Promenade de digestion

A un siècle de distance, deux regards se croisent : au tournant du XXème siècle, un jeune officier français photographie candidement l’arrière de la guerre, les paysages traversés depuis l’Europe de 1917 à 1920, dans ce qui fut l’Empire ottoman, des Balkans à Constantinople ; au tournant du XXIème siècle, un artiste fouille obstinément dans la tragédie d’une époque. Il lui faut colorier à même le tirage, rentrer dans le cadre furieusement, couvrir le motif d’aplats de couleurs fauves qui débordent, silhouetter de sombre aussi le passage de l’Histoire. Pris dans les rets d’une lumière crue, les visages et les corps, par leur présence magnétique, nous confrontent à notre propre présent.

Study for a soap

Le processus de fabrication du savon est élaboré au cours de l’Antiquité dans la région du Levant. Suite au déclin de l’Empire Romain, le savon est réintroduit en Occident par les Croisés qui le diffusent dès le XIIe siècle. Matière organique, fragile et malléable, Emmanuel Tussore la transforme dans une série de sculptures, d’installations, de photographies et de films. Entre ses mains, le savon d’Alep – le plus vieux savon du monde – devient le symbole d’une force brute, destructrice, à rebours du geste raffiné de l’homme civilisé. Les ruines racontent l’absence, la disparition, la perte, l’exil, et questionnent les notions fondamentales d’humanisme. En conservant la trace d’une histoire intime comme d’une mémoire collective, elles évoquent aussi la possibilité d’une reconstruction.

L’installation vidéo Study for a soap présente un savon d’Alep sculpté posé sur un plateau tournant électrique. Filmé sous différents angles par des caméras de surveillance, les images en noir et blanc du bâtiment en ruine sont retransmises en direct sur des moniteurs cathodiques érigés en tour, totem de l’architecture occidentale. Elles reprennent l’esthétique visuelle d’une guerre moderne vue d’en haut, celle des drones largement diffusée dans les medias. Submergés par ce flux, nous assistons en direct à la banalisation de la violence.

Requiem

En résidence dans une région à forte exploitation forestière, Emmanuel Tussore récupère en déchetteries des lames de scies circulaires. Ces disques dentés servent à débiter des troncs d’arbres. Bois de chauffage, bois domestique, destruction programmée des forêts. Manipulées par l’artiste – chimiste en son atelier, les lames donnent à voir un monde évanescent, vaporeux, dilué. Le support n’est plus l’acier tranchant et mortifère, il s’est métamorphosé. Les scies semblent dériver dans l’espace telles des planètes en mouvement. On y voit le feu, des cratères, des ersatz de roche, des queues de comètes laissant filer des poussières d’étoiles, on assiste à la naissance de l’Univers.

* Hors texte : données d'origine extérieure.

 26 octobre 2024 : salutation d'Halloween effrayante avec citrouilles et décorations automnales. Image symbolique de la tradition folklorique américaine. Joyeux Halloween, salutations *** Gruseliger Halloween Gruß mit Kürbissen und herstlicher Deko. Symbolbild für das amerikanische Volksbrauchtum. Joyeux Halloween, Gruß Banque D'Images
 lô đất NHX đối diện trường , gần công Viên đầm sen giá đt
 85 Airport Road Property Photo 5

Dans Requiem (série photographique, 2021), les figures révélées par l’oxydation à la surface des lames évoquent ces paysages lointains dévoilés par un télescope. Ils nous renvoient en miroir à notre terre nourricière et protectrice, la terre matrice. Retour à nos origines.

Chaque scie a sa propre vibration, émet un son pur qui évoque des rituels anciens. On songe aux rites chamaniques, aux cérémonies druidiques, à la croisée du visible et de l’invisible. Dans Requiem for a piece of wood (installation et performance, 2019), l’artiste pénètre en maître de cérémonie dans une forêt de lames suspendues aux poutres d’une grange remplie de bois de chauffage.

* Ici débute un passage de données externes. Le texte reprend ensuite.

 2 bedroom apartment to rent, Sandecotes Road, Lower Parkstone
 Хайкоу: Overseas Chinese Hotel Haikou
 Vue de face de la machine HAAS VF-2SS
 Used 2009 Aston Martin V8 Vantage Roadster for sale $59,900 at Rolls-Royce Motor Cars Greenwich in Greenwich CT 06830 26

Dans Etude pour un carillon (sculpture sonore, 2020), il utilise le bois de Iroko, arbre sacré en Afrique. Chaque tintement mécanique du carillon marque le temps horaire, défini par une horloge mère, pourvoyeuse de temps universel.

En dépit de sa transformation, l’outils de découpe originel conserve la mémoire du vivant. On peut y lire en filigrane l’empreinte sinueuse et colorée de l’écorce des arbres. Le projet Requiem s’inscrit dans la démarche constante et singulière de l’artiste, celle d’une recherche plastique pluridisciplinaire hantée par la notion d’effacement et son contraire, la possibilité d’une renaissance.